Lin Ziming lo dijo con una sonrisa, y el abuelo Xia, que estaba a su lado, también asintió con la cabeza.

Xia Ran no quiso prestar mucha atención a los dos que los habían traicionado repentinamente, y simplemente dijo:

"Hermano Ziming, ¿cuándo vas a volver?"

"¿Qué ocurre? ¿Necesitas algo de nosotros?"

Lin Ziming solo estaba bromeando cuando lo dijo, pero Xia Ran asintió con la cabeza.

"Sí, tengo algo que quiero contarte."

—¿Qué no se puede decir por teléfono? —intervino el abuelo Xia desde un lado—. Están haciendo recados, ¿por qué los apuras? Con que puedan volver para Año Nuevo, es suficiente.

Xia Ran no dijo nada, solo miraba fijamente a Lin Ziming en la pantalla de su teléfono.

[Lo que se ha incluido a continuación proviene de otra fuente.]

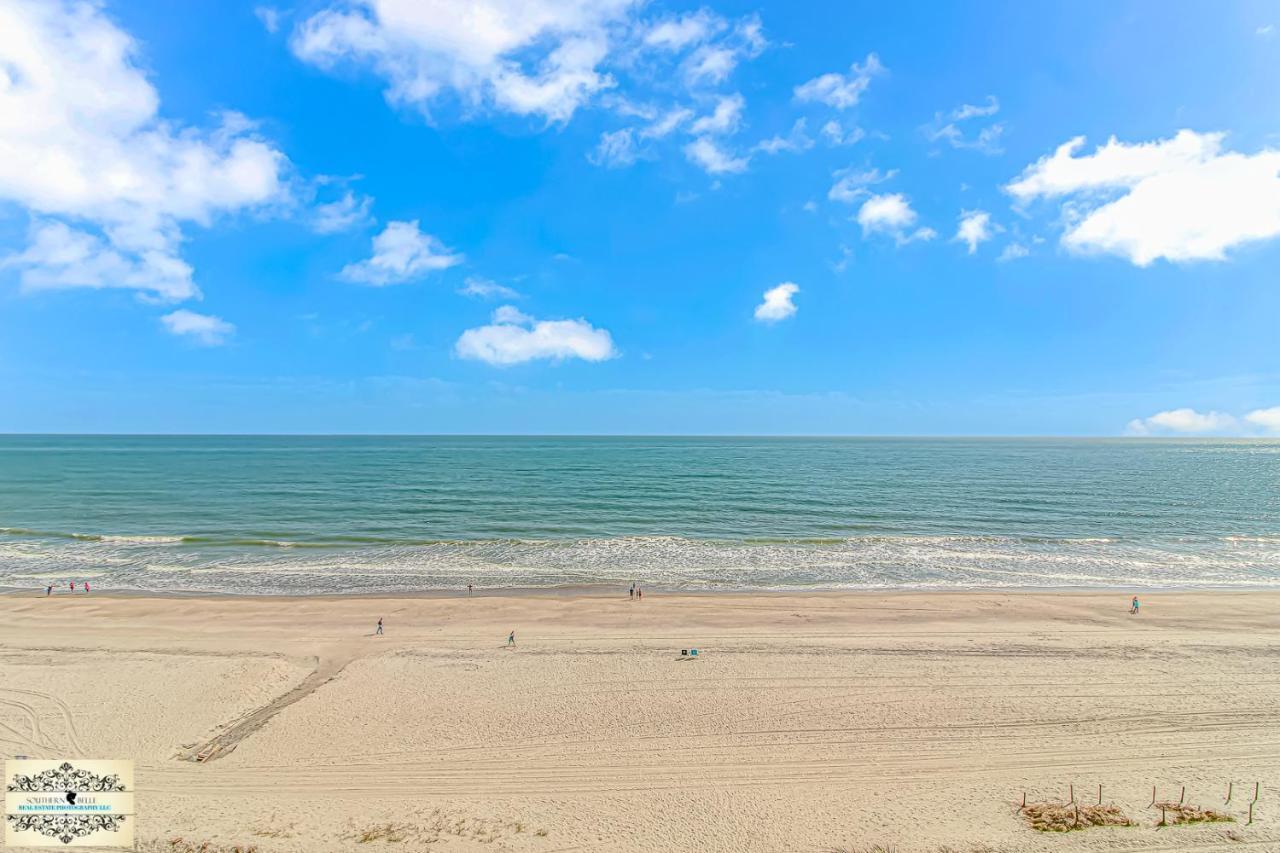 Landmark Resort 714 - Massive Indoor & Outdoor Pools And Lazy Rivers! Sleeps 4! Myrtle Beach Bagian luar foto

Lin Ziming percibió que algo andaba mal con Xia Ran; hizo una pausa y, después de un largo rato, habló.

"Puedo volver pasado mañana."

"De acuerdo, entonces te prepararé algo delicioso y te daré un banquete de bienvenida", dijo Xia Ran con una sonrisa.

El grupo conversó un rato más antes de colgar. Dos días después, le preguntaría a Lin Ziming sobre los detalles de lo sucedido.

Cuando fui a recoger al niño por la tarde, Gu Zheng lo recogió e incluso llamó a Xia Ran.

Xia Ran seguía un poco asustada por lo sucedido la noche anterior, así que se aseguró varias veces de que realmente fuera Gu Zheng quien había recogido al niño antes de colgar el teléfono.

Cuando fueron a abrir la puerta, Xia Ran y Gu Zheng intercambiaron una mirada y luego dejaron entrar al niño en la casa.

"Gu En se ha ido", dijo Gu Zheng. "Lo más probable es que no vuelva".

"¿Qué significa?"

Xia Ran estaba un poco confundido. Entonces Gu Zheng le contó que se había encontrado con ese hombre y que Gu En le había dejado una nota antes de irse.

Tras escucharla, Xia Ran no sabía qué sentir. Parecía que debía ser así, pero a la vez parecía que no debía serlo.

"¿Tienes tiempo? Me gustaría contarte sobre los orígenes del niño."

Xia Ran quería decir que no, pero no pudo resistir su curiosidad.

"Iré a contárselo al abuelo."

"bien."

Mientras Gu Zheng observaba a Xia Ran darse la vuelta y entrar en la sala de estar, una leve sonrisa asomó en sus labios. Parecía que Xia Ran se estaba ablandando de verdad.

Cuando Xia Ran le dijo a su abuelo que iba a salir un rato, inevitablemente recibió otra mirada significativa de su parte.

Xia Ran tenía prisa por salir a ver qué pasaba con el niño, así que no se molestó en explicárselo a su abuelo.

Al igual que la vez anterior, Gu Zheng dejó la puerta abierta y la luz encendida. Cuando Xia Ran entró, temiendo que su abuelo o el niño pudieran venir, cerró la puerta tras de sí.

Sin embargo, Gu Zheng no estaba en la sala de estar. Xia Ran echó un vistazo a su alrededor y oyó el sonido del agua proveniente del baño, así que Gu Zheng debía estar duchándose.

Xia Ran hizo una pausa y luego se sentó en el sofá. Observó la sala de estar y se dio cuenta de que había muy pocas cosas, solo algunos muebles. Parecía un hotel, sin vida alguna.

Se quedó sentado allí durante cinco minutos antes de que se abriera la puerta del baño. Xia Ran echó un vistazo instintivamente y vio salir a Gu Zheng con una bata de baño.

Gu Zheng también se había lavado el pelo, y aún le goteaba agua de la frente. Xia Ran vio claramente que los ojos de Gu Zheng se iluminaron al verlo.

Xia Ran se sintió un poco extraña, pero su expresión permaneció inalterable.

"Aran." Gu Zheng la llamó, y Xia Ran no quería responderle, pero asintió de todos modos.

Gu Zheng se sentó frente a Xia Ran. Ambos permanecieron en silencio, con Gu Zheng mirando fijamente a Xia Ran, lo que la hizo sentir algo incómoda.

"Adelante, dímelo, tengo que volver a cocinar más tarde."